I love that we got comments last time around; thanks!

Well, it looks like all the PhD results have come in, and the answer (from all of 'em) is no. Alas. Boo. There are three programs that I've found--maybe a fourth--that admit for the spring, so we'll see what happens.

It's been a bit demoralizing, I confess, since we were really banking on this one. I mean, now we have to extend our lease, and that alone is enough to make me want to apply to law school.

Note: I will not be applying to law school. (Why make millions saving innocent people from prison when you can tell stories for a living?) Or business school.

I don't know if it's because of that--stress can do weird things to the body--but, Thursday night, my body revolted. "I don't care if you shove seven vitamins down my throat every morning," it said, "but I want to lurch." And lurch it did.

"Body," I said, "I try to take care of you. I feed you healthy foods, some of which actually taste good. I take vitamins and, when those aren't enough, I take antibiotics, plenty of them, enough to enable me to lick the floor of a high-school locker room and remain unscathed, such is the penecillin that courses through my veins."

"Fie!" countered my body. "It's time for you to taste dinner again."

I really must thank my downstairs neighbor, Brian Olsen, who came to my aid. I hadn't started reverse peristalsis yet when I called him--all I knew was that my head felt like a giant zit about to pop. Then my kidneys started hurting, and I was very, very dizzy.

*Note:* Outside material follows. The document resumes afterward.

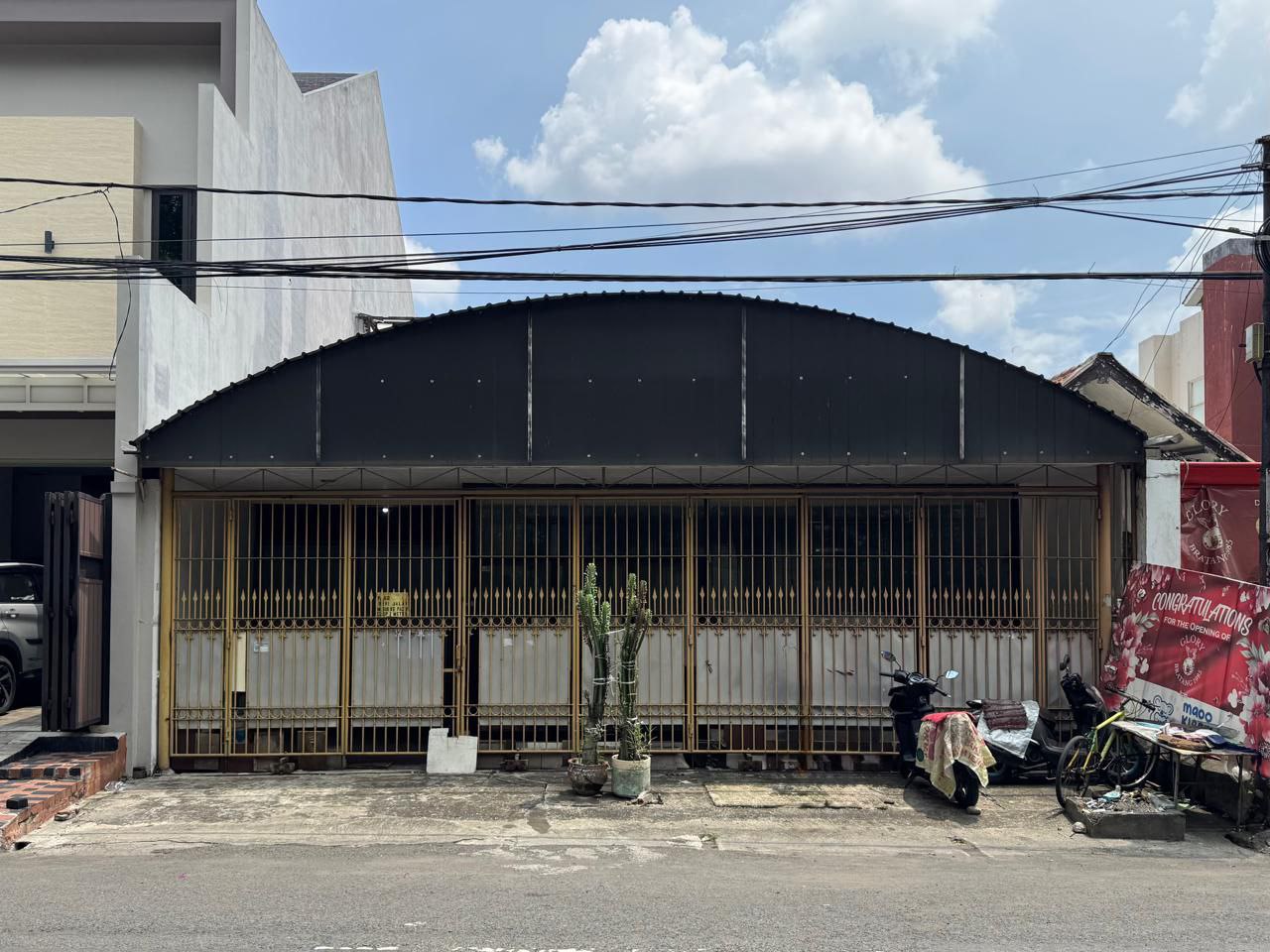 Dijual Rumah Luas dan Strategis di Ngagel Jaya Utara Surabaya Timur - Image 1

Steve "Spoon" Bitter, are you reading this? Do you remember the time when I got really dizzy, that time with the toilet paper and the Mountain Dew and the pickup truck and the paintball gun with Scott shouting out the window about Ultima Online? Really, I was THAT DIZZY this Thursday.

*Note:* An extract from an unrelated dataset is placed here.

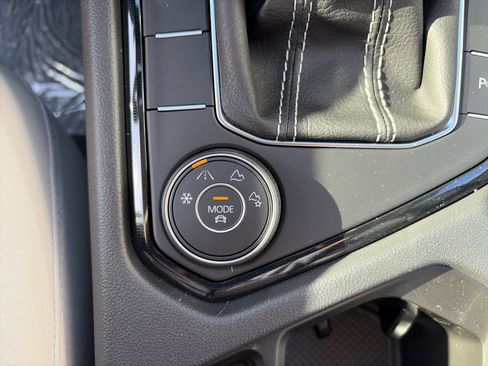 New 2026 Volkswagen Taos SE AWD/4WD image 31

So Brian came over, saw me careening around my apartment like a drunken sailor, and called a nurse in the ward, because, the way I looked, he wanted to know if I should go to the hospital. She came over (thank you, Dana!) and thought I was dehydrated, which I probably was, and told me to lie down.

Long story short, an hour later, Melanie was home, and my body wanted to show off. Thus began The Night of a Thousand Urps.

Okay, well, it was only three, really, but there was a bit of dry-heaving thrown in there for good measure.

I'm feeling quite a bit better now--not perfect, but pretty good--and I'm grateful, really, because the weekend reminded me of all the synonyms for urping: driving the porcelain bus, doing the technicolor yawn, bringing forth the bounty of the harvest, tossing one's cookies, etc. It's fun for a creative writing professor.

For all who prayed for me, thank you very much. Please keep praying.